• Activity
Print only the lines below from the one with "Angie Grey Gatsby" to the one with "DG.MING Microfiber Genuine", both included, exactly as they stand. Leave pictures out.

• Information given
.....
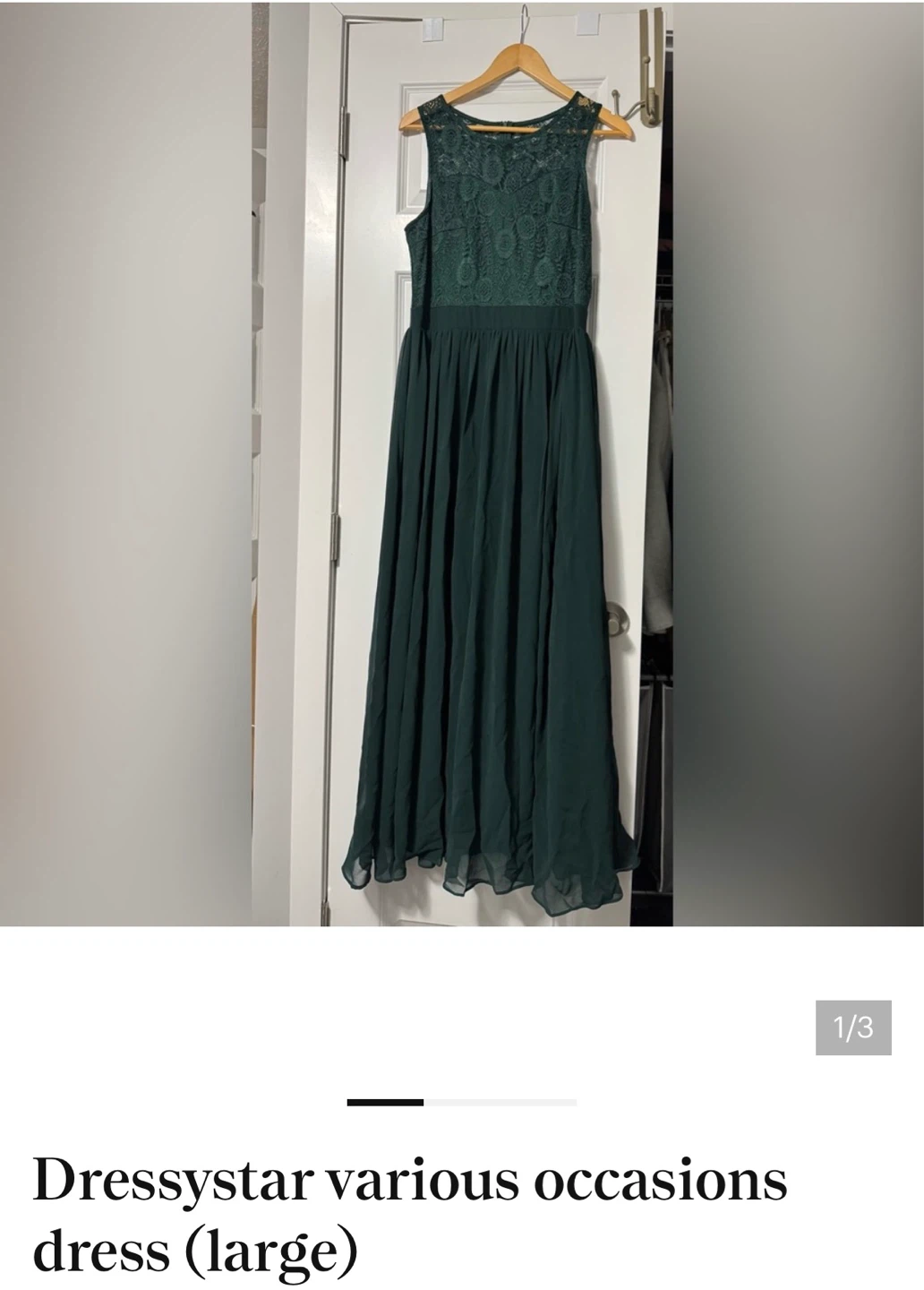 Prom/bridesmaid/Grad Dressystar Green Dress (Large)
.....
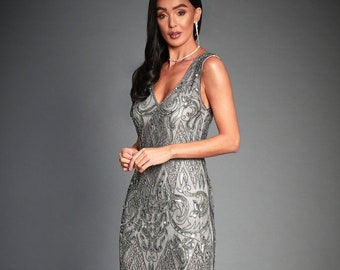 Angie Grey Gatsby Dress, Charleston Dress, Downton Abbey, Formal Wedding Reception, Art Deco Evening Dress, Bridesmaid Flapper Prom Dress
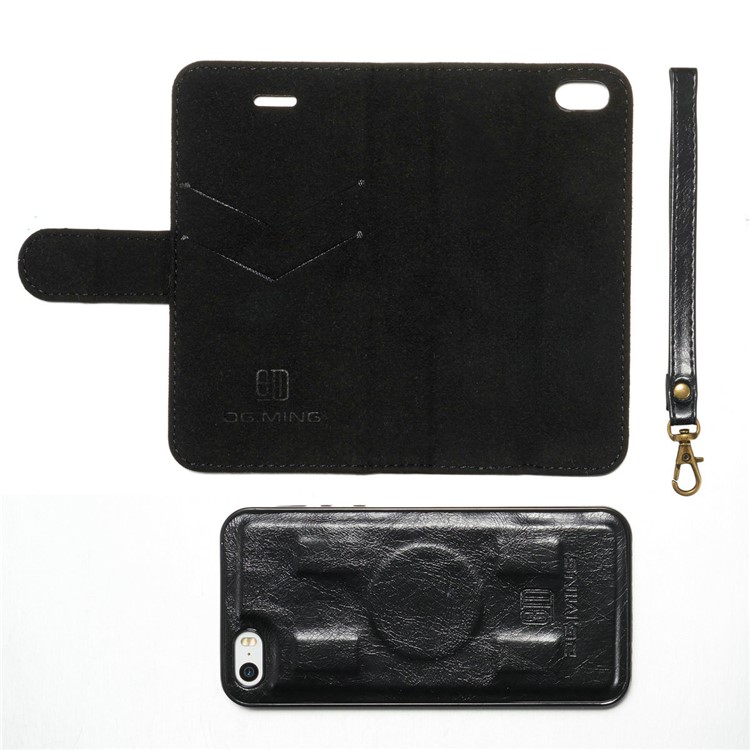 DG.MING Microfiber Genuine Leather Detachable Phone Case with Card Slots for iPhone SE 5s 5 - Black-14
.....
• Response to the task
 Angie Grey Gatsby Dress, Charleston Dress, Downton Abbey, Formal Wedding Reception, Art Deco Evening Dress, Bridesmaid Flapper Prom Dress
 DG.MING Microfiber Genuine Leather Detachable Phone Case with Card Slots for iPhone SE 5s 5 - Black-14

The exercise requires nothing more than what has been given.